# Ionization Energy

Ionization energy is simple terms can be described as a measure of the difficulty in removing an electron from an atom or ion or the tendency of an atom or ion to surrender an electron. The loss of electron usually happens in the ground state of the chemical species.

Alternatively, we can also state that ionization or ionisation energy is the measure of strength (attractive forces) by which an electron is held in a place.

## What is Ionization Energy?

In more technical terms we can describe ionization energy as the minimum energy that an electron in a gaseous atom or ion has to absorb to come out of the influence of the nucleus. It is also sometimes referred to as ionization potential and is usually an endothermic process.

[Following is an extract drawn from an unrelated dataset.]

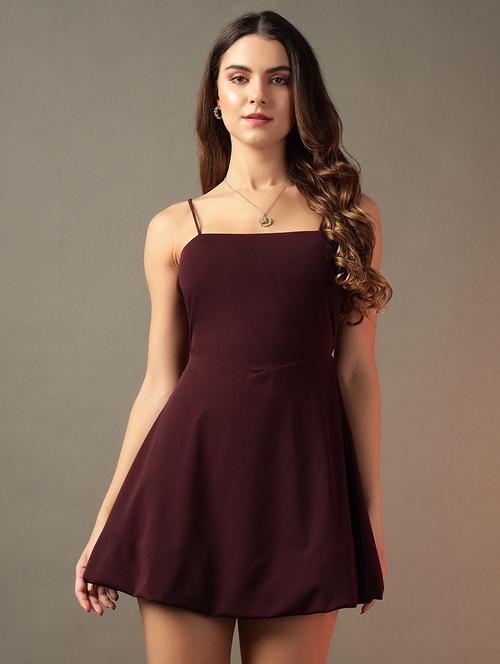 women solid shoulder strap fit & flare dress - 21644419 - Standard Image - 0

What we can deduce further is that ionization energy gives us an idea of the reactivity of chemical compounds. It can also be used to determine the strength of chemical bonds. It is measured either in units of electronvolts or kJ/mol.

Depending on the ionization of molecules which often leads to changes in molecular geometry, ionization energy can be either adiabatic ionization energy or vertical ionization energy.

## Factors Governing Ionization Energy

Normally, when the ionization energy is high it will be more difficult to remove an electron. There are also several factors that govern the attraction forces.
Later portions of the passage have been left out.